Como havia ainda certo espaço dentro da caixa, guardei o pote de cola que eu usei na tentativa de unir o vidro logo após o estouro.

Quando tudo estava calmo e nova luz já brilhava em meu quarto, surgiu a necessidade de uma comemoração. O que fazer? Qual o motivo para uma festa? Sei lá... que tal a lâmpada nova do Joaquim?!!
Então já tinha o lugar e o motivo, os víveres seriam as sobras da festa passada; faltavam as pessoas. Poucas foram chamadas, mas outros apareceram.

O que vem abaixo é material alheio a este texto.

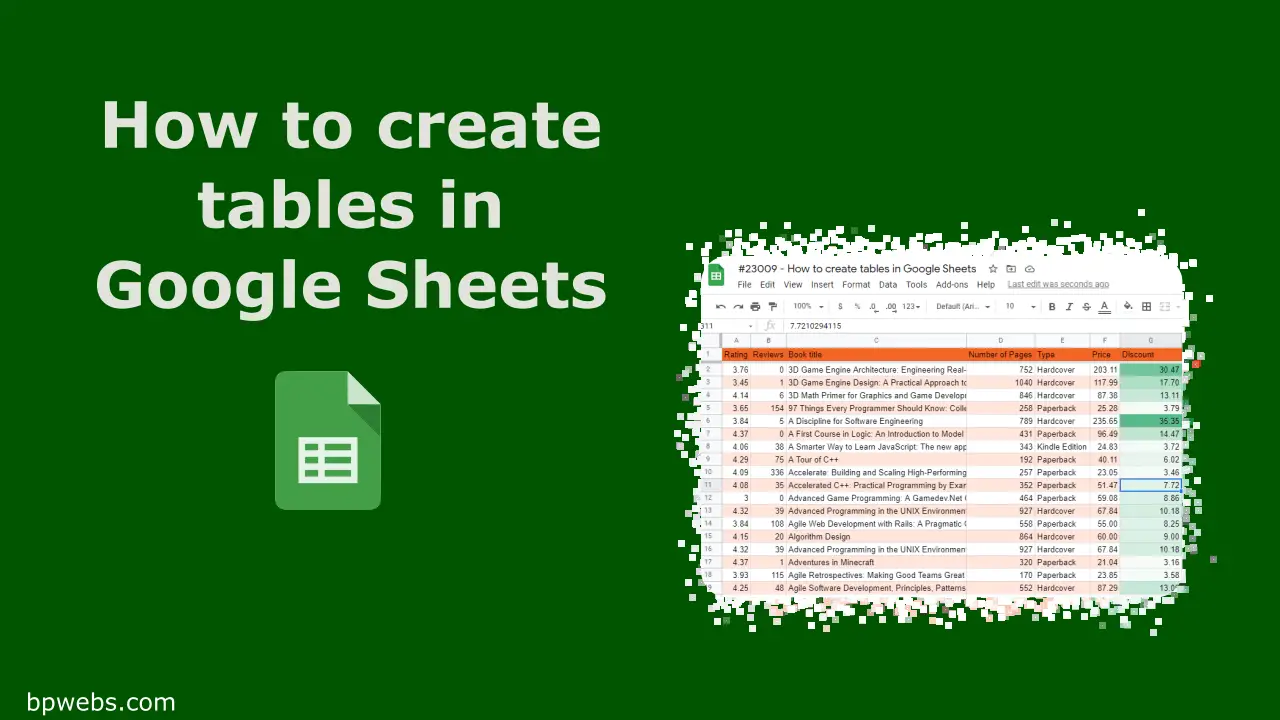 How to Create Tables in Google Sheets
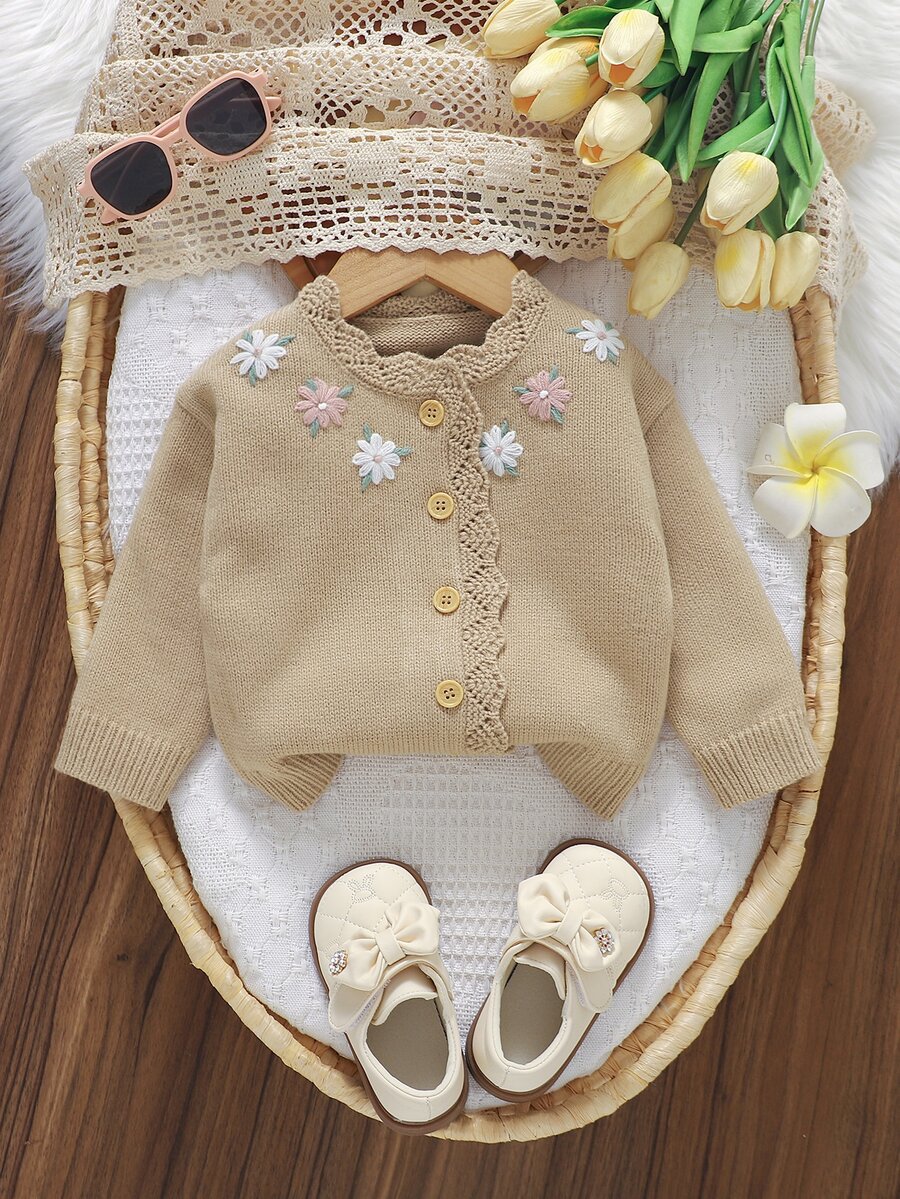 Souflis Souflis Baby Cardigan Girls Beige Long Sleeve Round Neck Floral Embroidered Button Front Knit Cardigan - Brown - View 1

No início da tertúlia saí para buscar gelo e distraí-me com os ímãs da geladeira que fixavam meus lembretes:

“Cobre a armação com a seda vermelho-sangue.O vento tá chegando e as outras pipas já estão no céu.”
“Guarda a porra daquela caixa, porque se ela se espatifar de novo no chão, os cacos vão virar pó.”


Foi quando notei que a música tinha parado e os convivas e os outros estavam calados... a caixa! (era um pensamento instantâneo e automático).

Ao abrir a porta, percebi a escuridão do quarto e na penumbra mesmo avistei o pó de vidro espalhado pelo chão, sendo lentamente incorporado à cola que escorria do pote.

(pausa dramática para os pensamentos de um piscar de olhos)
“Eu sabia que deveria ter guardado numa gaveta aquela tralha toda!”
“Por que diabos que esta luz tá apagada? Será que a lâmpada estourou de novo?”
“Cola + pó de vidro + pipa = cerol”


(resoluções sobre pensamentos de um piscar de olhos)
“Posso bem usar esta merda toda que se formou: é só colocar um pouquinho mais de cola e passar na linha, assim nenhuma linha vai tirar minha pipa vermelho-sangue do céu! Além do mais, posso cortar qualquer uma que se aproximar demais”

Então o que eu fiz: acendi a luz; mirei os outros e os convidei a chegarem mais cedo em suas casas. Com ajuda dos poucos que convidei, juntei cuidadosamente a bagunça com um pano úmido e coloquei na mesma caixa. Sai acompanhado por eles, que nem se surpreenderam quando joguei tudo no lixo. Apenas os poucos que convidei sabiam que não valeria à pena cortar os dedos para manter afastadas as outras pipas, assim como não valerá à pena guardar os cacos das futuras lâmpadas quaisquer.